The man who cracked the lottery and won $20 million over the course of 10 years
From Reid Forgrave for the NYT: "A man named Philip Johnston, a lawyer from Quebec, called the Iowa Lottery and gave Neubauer the correct 15-digit serial number on the winning Hot Lotto ticket. Then, in a subsequent call, the man admitted he had “fibbed”; he said he was helping a client claim the ticket so the client wouldn’t be identified. This was against the Iowa Lottery rules, which require the identities of winners to be public. One year to the day after the winning numbers popped up, representatives from a Des Moines law firm showed up at the lottery office with the winning ticket, and said they were claiming the prize on behalf of a trust. “It just absolutely stunk all over the place,” said Terry Rich, chief executive of the Iowa Lottery."

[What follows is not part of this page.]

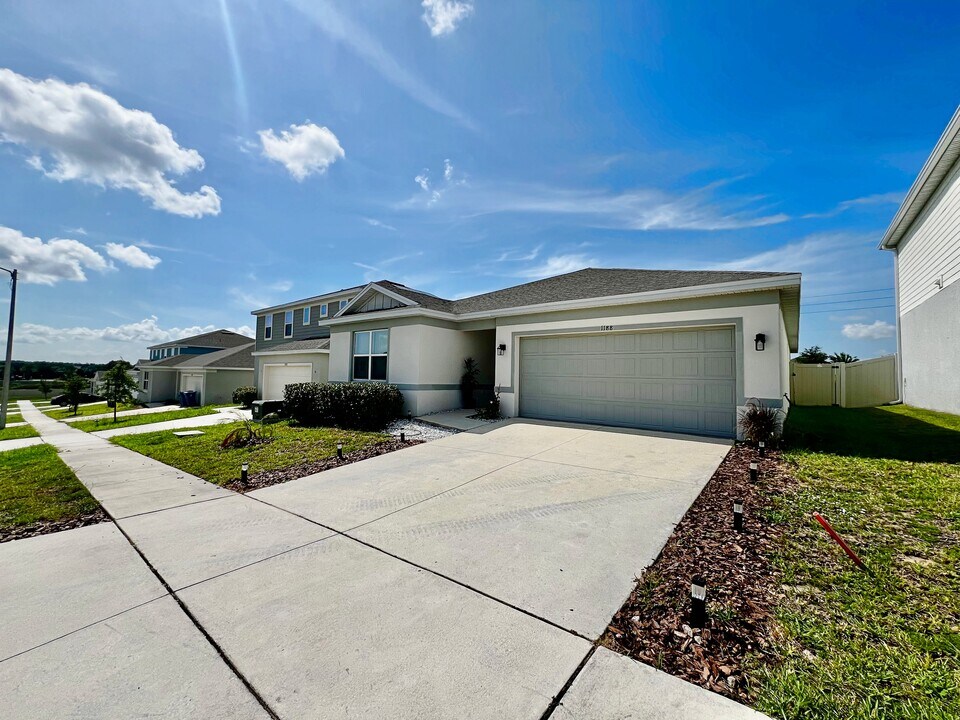 1188 Sugarwood St in Davenport, FL - Building Photo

A 7,000-year-old trove of ancient tools found locked in the ice
From Meg St. Esprit for Atlas Obscura: "With an unprecedented thaw in Canada’s Mount Edziza Provincial Park over the past few years, objects began emerging from the ice. Some of the manmade possessions are 7,000 years old, and they belonged to the Tahltan First Nations. Mount Edziza, a volcano located in northwestern British Columbia, has remained a significant hunting ground for the Tahltan nation for thousands of years. With this discovery, archaeologists are now able to gain more insight into what life was like for people here since around 5,000 B.C. Among the artifacts discovered were also tools fashioned from obsidian, the black glass created by lava flows. Many others are made from materials such as leather, wood, and bone."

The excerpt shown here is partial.